Movie Review - The Overnight

There is a major joke half-way through or two-third through this movie that kills whatever momentum this film had. The ending is a weird cop-out as well. The movie in the beginning is reminiscent of Noah Baumbach's While We're Young, which made it interesting. Writer-director Patrick Brice has come up with a premise that has potential. He even casts four actors who could have made it work, but, like Brice's previous movie Creep, he undermines the premise and tosses that potential away.

Adam Scott (Parks and Recreation) stars as Alex, a husband and father to a little boy. He just moved to Los Angeles from Seattle with his wife Emily, played by Taylor Schilling (Orange is the New Black). One day at a park, they meet a couple who have been transplants for a while.

Jason Schwartzman (Rushmore and The Darjeeling Limited) co-stars as Kurt. He's an aspiring painter who also does work with water filtration. He's a husband and father to a cute, little boy. His wife is a French masseuse and actress named Charlotte, played by Judith Godreche. They invite Alex and Emily over to their house in the hills to allow their children to play and have a sleepover, but it becomes more of a sleepover for the adults.

Spoiler alert for this movie's central joke!
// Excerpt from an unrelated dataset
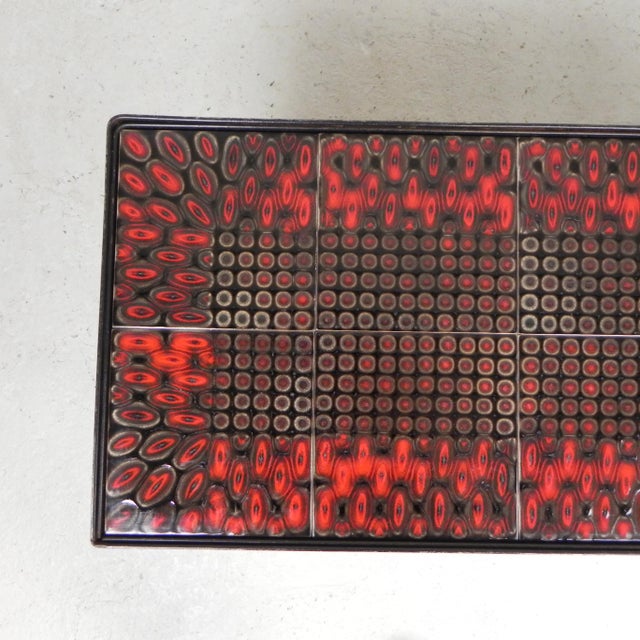 Mid-Century Brutalist Tile Table with 10 Tiles and Steel Frame, 1960s For Sale - Image 18 of 18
After a night of fun and frivolity, as well as a few provocative moments, Kurt and Charlotte decide to go skinny-dipping. Kurt takes off all his clothes and reveals he has a very large penis. This causes Alex and Emily to hesitate going completely nude, particularly Alex because, as he confesses in a hot-tub, he has conversely a very small penis. The rest of the movie then becomes about dealing with the various implications of that confession.

As the opening scene suggests, Alex and Emily have problems in the bedroom due to his small penis. It's not until the hot-tub scene that it's laid out that Alex can't physically pleasure her. They were able to have a child, but he's highly embarrassed.
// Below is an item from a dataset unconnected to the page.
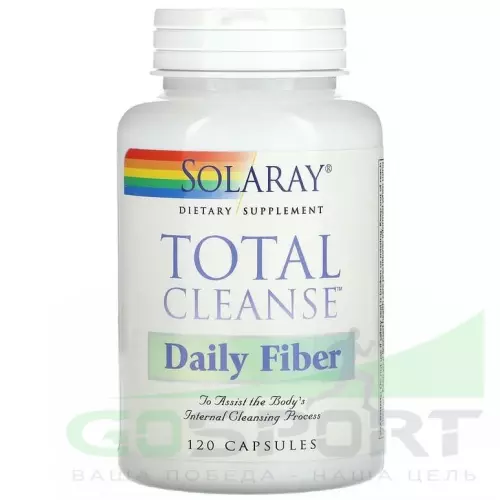  Solaray Total Cleanse Daily Fiber 120 капсул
After the hot-tub scene, Kurt helps Alex overcome his insecurities and both of them go fully nude and show-off their penises. As with many movies, the penises shown aren't real. They're prosthetic, and both look incredibly fake. It ruins the joke in two ways.
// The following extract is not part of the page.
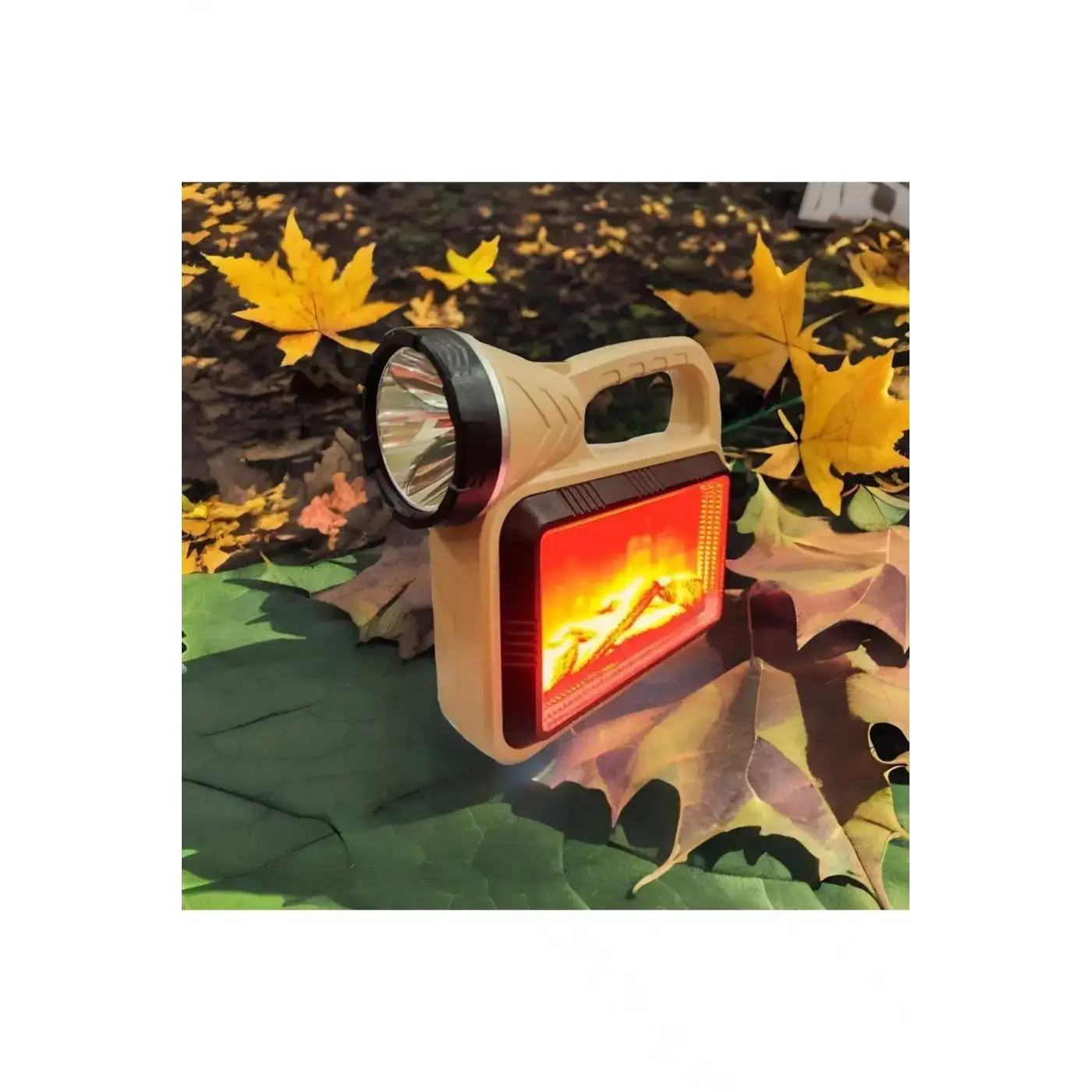 Güneş Enerjili ŞÖMİNELİ Çok Fonksiyonlu Çift Işık Kaynağı USB Şarjlı SOLAR EL FENERİ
The first way the joke is ruined is that it isn't funny to see two guys with fake penises proclaiming pride over something that's so blaring in its opposition to reality. I give Brice credit for wanting to put penises on screen, but it just doesn't work. Not showing the penises would have been better because the sight of them kills the emotion.

The second way the joke is ruined is that while the prosthetic for Scott is a small penis, it's oddly not small enough. The average size of a human penis is five inches, fully erect. Anything smaller like one to two inches is considered a micro-penis, which is what one assumes Alex has. If you Google micro-penis, it can look like from a distance that the man has nothing between his legs at all. The shot of Alex fully nude, which is from a distance, looks like he's average and he's not fully erect. Therefore, the joke is completely undermined because you don't believe there is a problem.

Spoiler alert for this movie's ending!

We get to the penultimate scene and we learn all of this was leading to Kurt and Charlotte also having problems in the bedroom, and their solution was to have an open marriage. Specifically, Kurt wanted to have sex with Alex. They even start down the road of having a four-person orgy when it's interrupted.

The very last scene has all of that brushed aside and it's never reconciled. It's supposed to be one crazy night and that's it, but there seemed to be genuine issues of sexuality raised that in reality can't just be brushed aside, both physically and mentally. Given that this film is so short, an extra ten minutes or so could have been devoted to reconciling or further exploring those issues, but Brice and his team just cop out.

Two Stars out of Five.
Rated R for strong sexuality, graphic nudity, language and drug use.
Running Time: 1 hr. and 19 mins.

Comments

  1. I agree about the ending.
    It felt like the movie was about something genuine (which I was loving) and then ignored all that for a typical happy/safe ending.